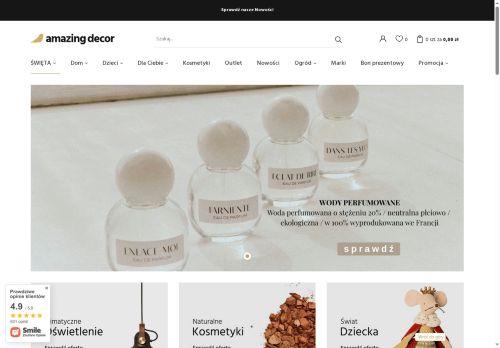 amazingdecor.pl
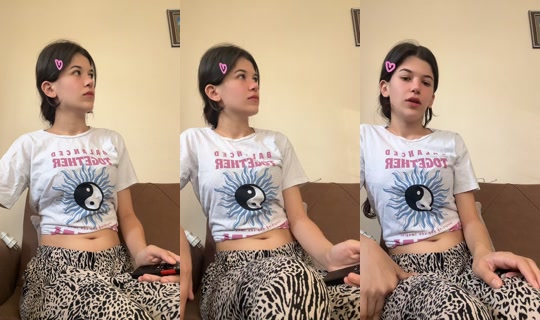 fidan_4647 TikTok Live — Aug 23, 2026, 6:53 AM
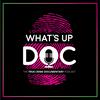 undefined What's Up Doc: The True Crime Documentary Podcast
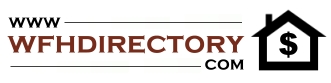 ROSEMARIE COLLECTIONS leads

○ ○ ○

● **WHAT THE TASK ASKS**
Print every line of the material exactly as written, but drop the pictures.

● **YOUR SOLUTION**
 amazingdecor.pl
 fidan_4647 TikTok Live — Aug 23, 2026, 6:53 AM
 undefined What's Up Doc: The True Crime Documentary Podcast
 ROSEMARIE COLLECTIONS leads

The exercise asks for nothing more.